The ABA Model Rules of Professional Conduct serves as a model for the ethics rules in most jurisdictions. Rule 1.13 makes it clear that a lawyer employed by an organization to be formed represents the organization through its authorized constituents. The lawyer should be careful not to presume the interests of the owners, officers and employees are in alignment with the company.
Rule 1.13(f) requires disclosure to the company’s directors, officers, employees, owners, or other constituents that the client is the company when the lawyer knows that the organization’s interest are adverse. Yet Rule 1.13(g) recognizes that the lawyer may also end up representing a principal or employee. See comment 12. Rule 1.7(a) prohibits representation leading to concurrent conflicts of interest. A concurrent conflict is one that is directly adverse or which leads to a significant risk of materially limiting the lawyer’s responsibilities to one of the clients. Concurrent representation is allowed under Rule 1.7(b) if the lawyer believes competent and diligent representation can be provided to each and it does not involve the assertion of a claim by one client as to the other. Even then, full disclosure and client consent is required.

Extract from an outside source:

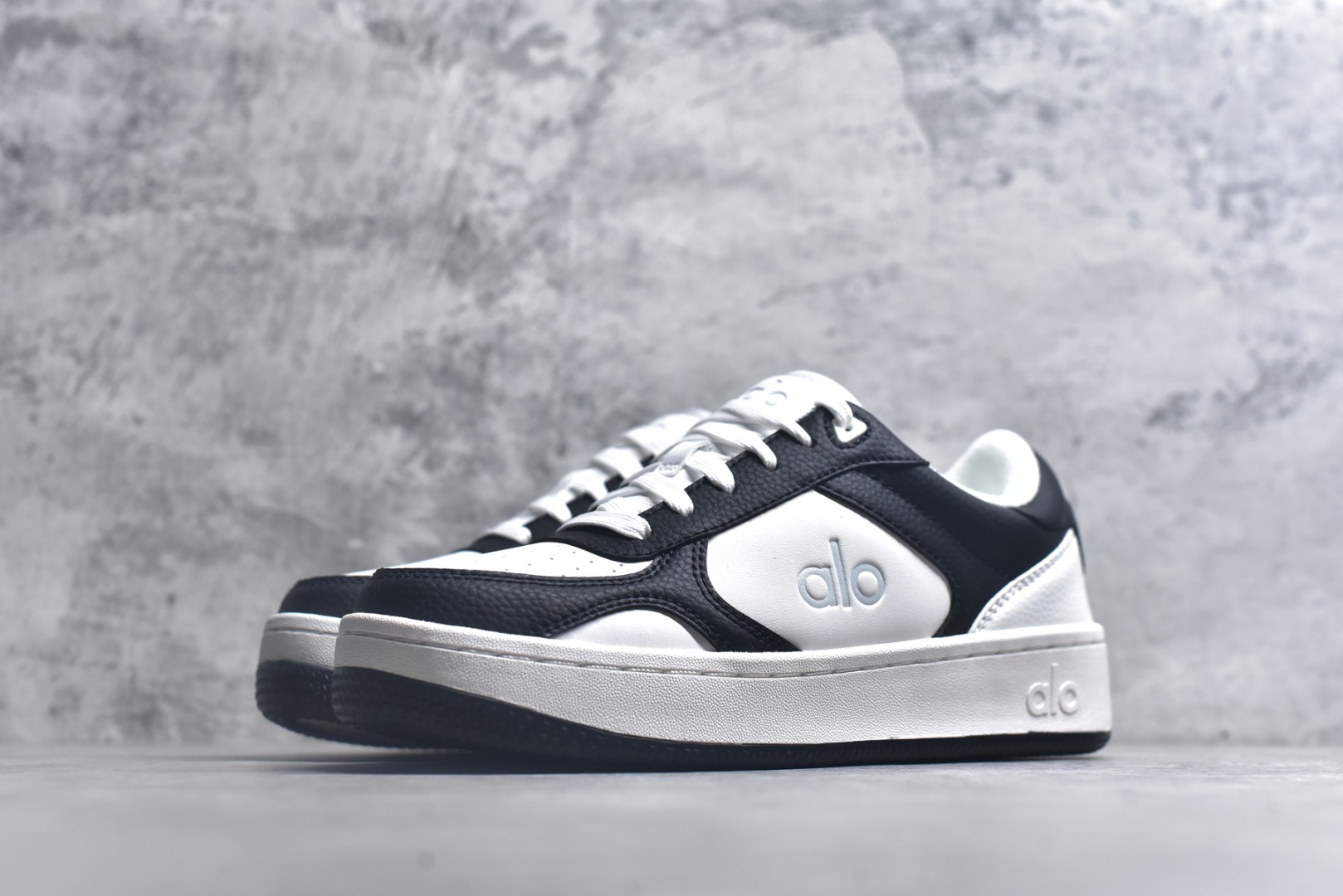 图片[2]-#Alo yoga Alo Recovery Mode 舒适百搭防滑耐磨低帮板鞋 易梦玲 Jisoo智秀等多位明星同款上脚主打各大平台外贸主推大厂采购原材料多处细节一步到位生产细节 一款随意搭配的都好看的鞋子alo采用增高4cm 春夏秋冬四季款舒适简约板鞋 TPU防滑耐磨鞋底 尺码：36 36.5 37 37.5 38 38.5 39 40 41 41.5 42 42.5 43 44 45-选品中心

When designing an enterprise structure through an assessment, lawyers often provide legal advice that could be protected by the attorney-client privilege, normally to more than one client. The privilege can be protected through a joint representation arrangement by the clients.
Lawyers are also allowed to provide joint representation to any number of clients if there is not a conflict of interest. Pursuant to a joint representation agreement, the clients share the attorney client privilege, provided the communication is (a) with a company employee, (b) at the direction of superiors, (c) for the company and the facts are needed to render the advice, (d) within the scope of duties of the employee, and (e) confidential. Upjohn Co. v. United States, 449 U.S. 383 (1981), See also Restatement Third, The Law Governing Lawyers §73.
You can set out the information that may be withheld from the other clients, otherwise the attorney-client privilege cannot be asserted as to each other. ABA Model Rule 1.7. Since there are no secrets between the clients with regard to joint representation, be careful not to include entities that you know will be spun out of the enterprise, or make sure to exclude the attorney-client relationship in the ultimate sale.
Conclusion
While there are some obstacles to implementation, associating with experienced counsel not only provides you the opportunity to implement the solutions being proposed, but it also deepens your relationship with existing clients. The Legal Assessment can forge a mutually rewarding relationship with current or prospective clients.